The opening and closing ceremonies has had three different directors as its Chief Creative Director. Between July 2018 and December 2020, Mansai Nomura, an actor in traditional Japanese theater, was the Chief Creative Director. Normura stepped down from the role and becoming an advisor. Between December 2020 and March 2021, Hiroshi Sasaki was Chief Creative Director, until Sasaki resigned after making a derogatory comment about Japanese comedian and fashion icon Naomi Watanabe. The reports came a month after Yoshirō Mori, president of the Tokyo 2020 Organising Committee, resigned over derogatory comments made about female members of the committee. Since March 2021, Takayuki Hioki, managing director of Sports Branding Japan, has been the Deputy Chief Ceremonies Officer and Executive Producer.

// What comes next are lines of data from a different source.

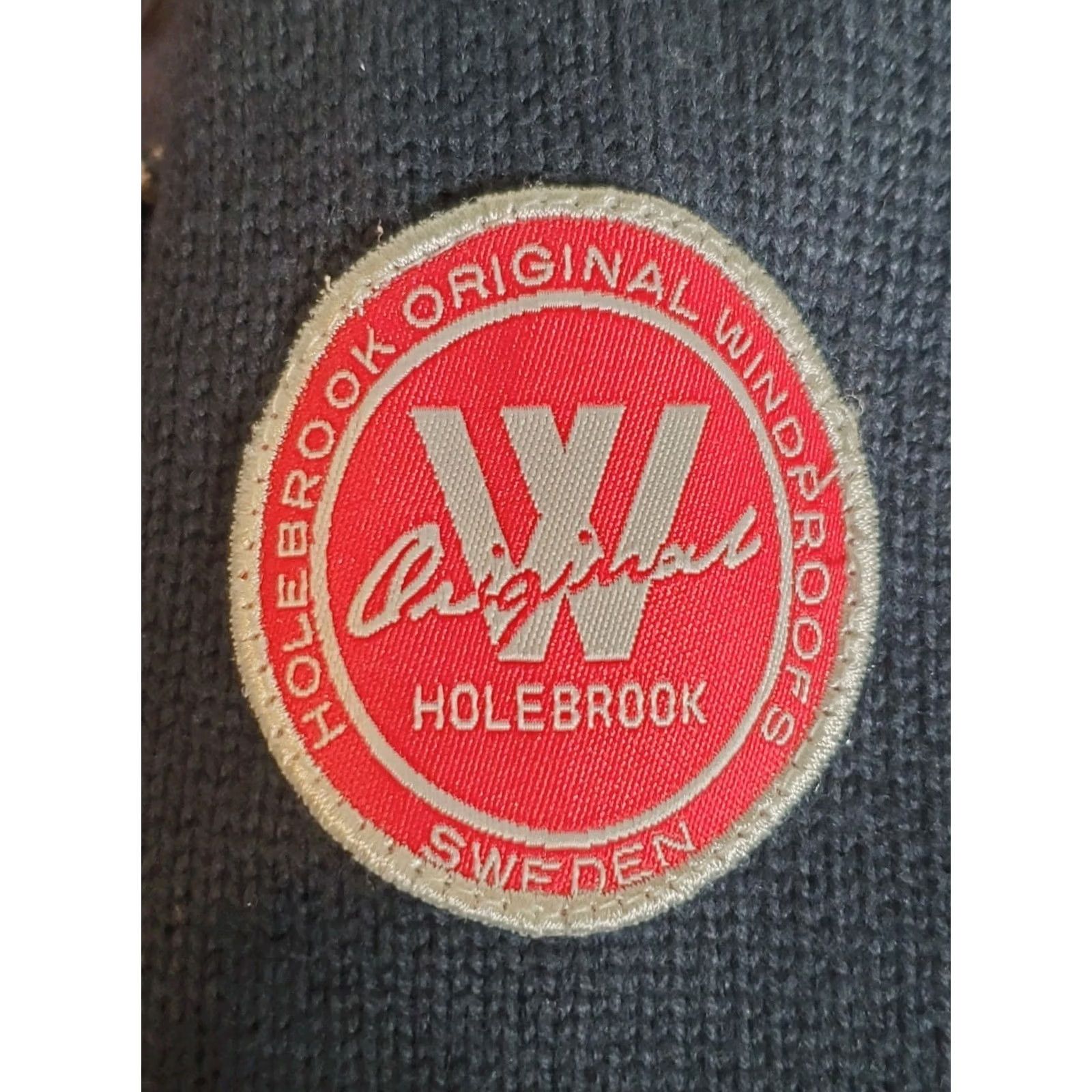 Vintage Holebrook Sweden Gregor 1/4 Zip Windproof Cotton Sweater Lined Navy Mens XL Size US XL / EU 56 / 4 - 3 Thumbnail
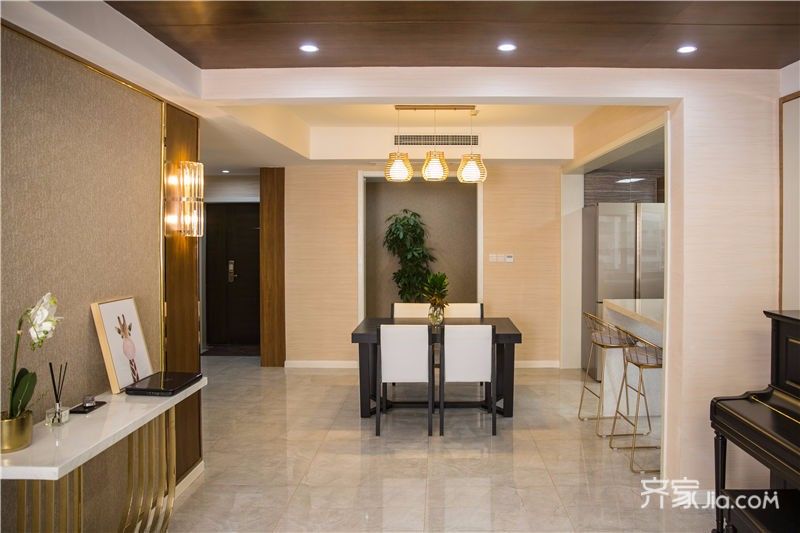 大户型,20万以上装修,四房装修,140平米以上装修,混搭风格,暖色调,餐厅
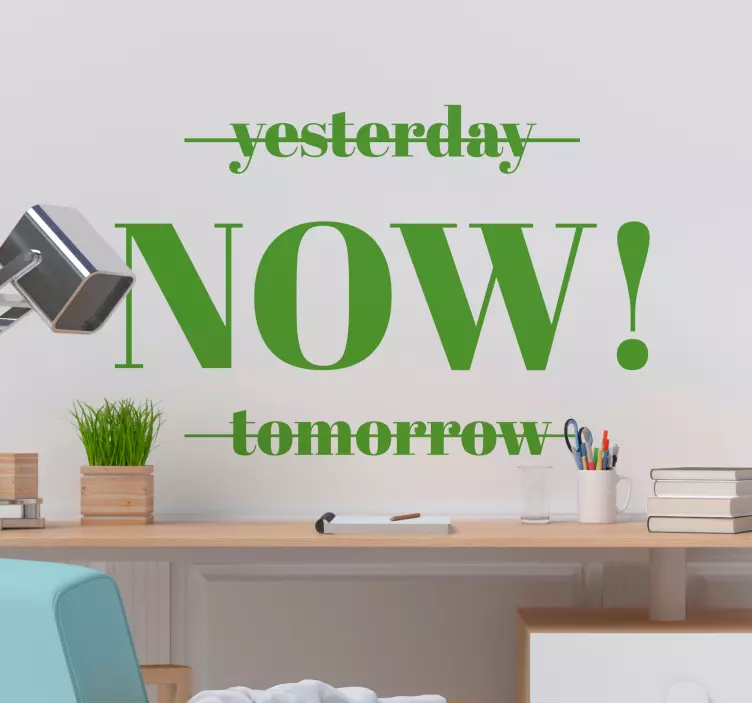 Phrase Minimalismus motivierender Wandaufkleber - TenStickers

Italian Marco Balich, head of Balich Worldwide Shows, was the Senior Adviser to the Executive Producer. Balich performed these functions also during the production of the ceremonies on 2006 Winter Olympics, 2014 Winter Olympics and the 2016 Summer Olympics, among another events as 2019 Pan American Games and 2019 Summer Universiade. In an interview, in July 2019, he mentioned that his involvement would be in partnership with the Japanese advertising company Dentsu. Dentsu's creative director for these ceremonies, Kaoru Sugano, resigned in January 2020 over harassment claims.

===COVID-19 impact===
In a preview press release, "Moving Forward" would be consistent theme for both 2020 opening and closing ceremonies. The ceremonies would be linked by the concept of "Moving Forward", a reference to recovering from the COVID-19 pandemic and the 2011 Tōhoku earthquake and tsunami. "We have designed the ceremonies around the concept that the Games can bring fresh hope and encouragement to people around the world through the active appearance of athletes at the Tokyo 2020 Games and via the power of sport", organisers declared. This was expected, as just after the postponement, Balich went on record that the crisis would be mentioned at some point during the ceremony due to its significance at the games.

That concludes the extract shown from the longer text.